Short descriptive text snippets:
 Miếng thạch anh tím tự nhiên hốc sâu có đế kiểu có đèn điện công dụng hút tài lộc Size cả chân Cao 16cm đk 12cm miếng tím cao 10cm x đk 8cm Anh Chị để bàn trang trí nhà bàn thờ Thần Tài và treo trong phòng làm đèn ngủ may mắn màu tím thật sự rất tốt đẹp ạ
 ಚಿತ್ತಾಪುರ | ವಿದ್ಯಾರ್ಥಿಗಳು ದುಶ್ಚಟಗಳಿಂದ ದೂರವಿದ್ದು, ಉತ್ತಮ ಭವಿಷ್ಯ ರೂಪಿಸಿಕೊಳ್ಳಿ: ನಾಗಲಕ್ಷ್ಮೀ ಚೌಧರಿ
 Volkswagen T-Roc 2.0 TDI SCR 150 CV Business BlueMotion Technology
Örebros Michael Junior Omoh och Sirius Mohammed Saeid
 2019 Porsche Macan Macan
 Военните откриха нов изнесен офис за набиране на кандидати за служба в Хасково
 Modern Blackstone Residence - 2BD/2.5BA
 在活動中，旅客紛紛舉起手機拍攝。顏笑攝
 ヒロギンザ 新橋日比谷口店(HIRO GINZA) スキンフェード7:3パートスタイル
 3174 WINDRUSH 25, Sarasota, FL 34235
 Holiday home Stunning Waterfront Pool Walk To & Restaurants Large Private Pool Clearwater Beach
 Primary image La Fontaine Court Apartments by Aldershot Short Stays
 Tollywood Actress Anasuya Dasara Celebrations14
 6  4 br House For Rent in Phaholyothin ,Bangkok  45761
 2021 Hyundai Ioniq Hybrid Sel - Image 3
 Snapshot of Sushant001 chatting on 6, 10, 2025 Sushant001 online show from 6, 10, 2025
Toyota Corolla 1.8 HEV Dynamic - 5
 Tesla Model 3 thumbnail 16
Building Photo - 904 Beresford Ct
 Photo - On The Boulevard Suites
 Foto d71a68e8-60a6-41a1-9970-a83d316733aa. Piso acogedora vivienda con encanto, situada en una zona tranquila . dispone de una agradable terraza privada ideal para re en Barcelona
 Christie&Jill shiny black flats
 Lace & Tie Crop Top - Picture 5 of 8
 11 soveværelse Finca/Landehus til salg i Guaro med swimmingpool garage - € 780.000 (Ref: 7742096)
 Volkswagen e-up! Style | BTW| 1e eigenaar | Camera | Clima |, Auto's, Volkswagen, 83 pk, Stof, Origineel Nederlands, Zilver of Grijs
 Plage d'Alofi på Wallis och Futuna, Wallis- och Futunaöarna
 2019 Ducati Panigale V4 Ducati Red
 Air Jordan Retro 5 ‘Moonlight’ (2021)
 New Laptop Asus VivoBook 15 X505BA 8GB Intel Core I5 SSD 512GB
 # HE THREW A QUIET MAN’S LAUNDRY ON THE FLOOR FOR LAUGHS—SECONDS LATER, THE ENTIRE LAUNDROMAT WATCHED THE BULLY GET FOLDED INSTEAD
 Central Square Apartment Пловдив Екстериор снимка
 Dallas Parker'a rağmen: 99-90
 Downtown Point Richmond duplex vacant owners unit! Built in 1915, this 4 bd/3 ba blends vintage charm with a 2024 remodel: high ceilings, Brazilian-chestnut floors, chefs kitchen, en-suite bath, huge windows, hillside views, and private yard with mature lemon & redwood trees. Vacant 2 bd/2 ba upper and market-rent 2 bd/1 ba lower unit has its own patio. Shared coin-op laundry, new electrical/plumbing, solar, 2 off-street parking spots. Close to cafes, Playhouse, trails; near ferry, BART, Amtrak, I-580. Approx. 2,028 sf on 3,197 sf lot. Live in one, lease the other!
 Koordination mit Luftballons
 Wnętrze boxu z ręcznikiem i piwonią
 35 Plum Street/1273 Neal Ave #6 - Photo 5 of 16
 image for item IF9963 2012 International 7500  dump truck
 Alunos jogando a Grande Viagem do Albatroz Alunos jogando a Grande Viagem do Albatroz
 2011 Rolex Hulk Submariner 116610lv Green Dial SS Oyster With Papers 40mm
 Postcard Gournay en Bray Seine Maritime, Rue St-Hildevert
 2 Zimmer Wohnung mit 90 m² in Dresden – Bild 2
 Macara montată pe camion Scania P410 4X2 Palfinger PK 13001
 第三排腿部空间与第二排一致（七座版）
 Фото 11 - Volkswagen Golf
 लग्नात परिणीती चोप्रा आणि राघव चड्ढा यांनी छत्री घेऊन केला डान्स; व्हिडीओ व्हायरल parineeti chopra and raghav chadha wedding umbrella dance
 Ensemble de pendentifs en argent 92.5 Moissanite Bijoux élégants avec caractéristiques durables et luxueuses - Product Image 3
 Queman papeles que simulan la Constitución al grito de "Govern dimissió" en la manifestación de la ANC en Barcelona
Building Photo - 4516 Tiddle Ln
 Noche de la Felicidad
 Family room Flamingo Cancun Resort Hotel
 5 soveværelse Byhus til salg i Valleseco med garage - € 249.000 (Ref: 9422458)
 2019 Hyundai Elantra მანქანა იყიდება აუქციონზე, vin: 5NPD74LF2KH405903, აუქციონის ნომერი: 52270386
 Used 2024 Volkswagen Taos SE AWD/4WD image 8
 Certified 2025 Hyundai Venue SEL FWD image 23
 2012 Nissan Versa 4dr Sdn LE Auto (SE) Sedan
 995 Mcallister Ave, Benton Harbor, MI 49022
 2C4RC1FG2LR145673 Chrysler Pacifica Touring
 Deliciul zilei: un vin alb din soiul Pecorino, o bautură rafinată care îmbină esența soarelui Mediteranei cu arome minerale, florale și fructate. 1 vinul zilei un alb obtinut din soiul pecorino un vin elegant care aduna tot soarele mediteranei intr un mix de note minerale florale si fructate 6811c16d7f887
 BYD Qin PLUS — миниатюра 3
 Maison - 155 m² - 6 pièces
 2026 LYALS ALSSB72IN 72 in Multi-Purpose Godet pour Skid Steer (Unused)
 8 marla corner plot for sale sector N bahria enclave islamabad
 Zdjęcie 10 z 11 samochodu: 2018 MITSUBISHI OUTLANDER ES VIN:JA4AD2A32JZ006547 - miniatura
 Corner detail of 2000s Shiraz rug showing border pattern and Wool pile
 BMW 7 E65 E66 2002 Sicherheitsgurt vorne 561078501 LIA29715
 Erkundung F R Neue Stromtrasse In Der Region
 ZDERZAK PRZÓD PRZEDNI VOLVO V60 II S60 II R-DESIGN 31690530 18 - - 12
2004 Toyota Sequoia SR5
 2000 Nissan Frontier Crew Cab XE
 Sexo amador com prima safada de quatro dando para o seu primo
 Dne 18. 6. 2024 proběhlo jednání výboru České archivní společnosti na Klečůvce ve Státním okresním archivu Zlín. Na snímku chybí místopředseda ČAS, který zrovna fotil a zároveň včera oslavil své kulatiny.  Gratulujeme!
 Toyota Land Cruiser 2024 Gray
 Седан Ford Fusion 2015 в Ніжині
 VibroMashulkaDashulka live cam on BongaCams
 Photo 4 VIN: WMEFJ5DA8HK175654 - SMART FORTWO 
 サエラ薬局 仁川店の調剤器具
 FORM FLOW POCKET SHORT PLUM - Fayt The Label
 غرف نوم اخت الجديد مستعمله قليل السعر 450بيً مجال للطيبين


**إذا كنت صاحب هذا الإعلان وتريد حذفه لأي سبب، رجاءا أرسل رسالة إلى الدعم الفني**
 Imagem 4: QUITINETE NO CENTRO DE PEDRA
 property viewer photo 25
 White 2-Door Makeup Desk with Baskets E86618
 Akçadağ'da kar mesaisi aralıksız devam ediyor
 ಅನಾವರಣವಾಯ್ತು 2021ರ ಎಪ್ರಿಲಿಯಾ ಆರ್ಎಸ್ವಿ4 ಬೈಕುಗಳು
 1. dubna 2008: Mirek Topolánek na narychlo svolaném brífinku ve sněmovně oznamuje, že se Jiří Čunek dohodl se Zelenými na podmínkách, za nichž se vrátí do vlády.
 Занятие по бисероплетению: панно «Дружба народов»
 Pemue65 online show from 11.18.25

**WHAT IS BEING ASKED**: Taking the entries above, print exactly the lines starting at the line with "Volkswagen T-Roc 2.0" and ending at the line with "Holiday home Stunning", both included.

**ANSWER SECTION**:
 Volkswagen T-Roc 2.0 TDI SCR 150 CV Business BlueMotion Technology
Örebros Michael Junior Omoh och Sirius Mohammed Saeid
 2019 Porsche Macan Macan
 Военните откриха нов изнесен офис за набиране на кандидати за служба в Хасково
 Modern Blackstone Residence - 2BD/2.5BA
 在活動中，旅客紛紛舉起手機拍攝。顏笑攝
 ヒロギンザ 新橋日比谷口店(HIRO GINZA) スキンフェード7:3パートスタイル
 3174 WINDRUSH 25, Sarasota, FL 34235
 Holiday home Stunning Waterfront Pool Walk To & Restaurants Large Private Pool Clearwater Beach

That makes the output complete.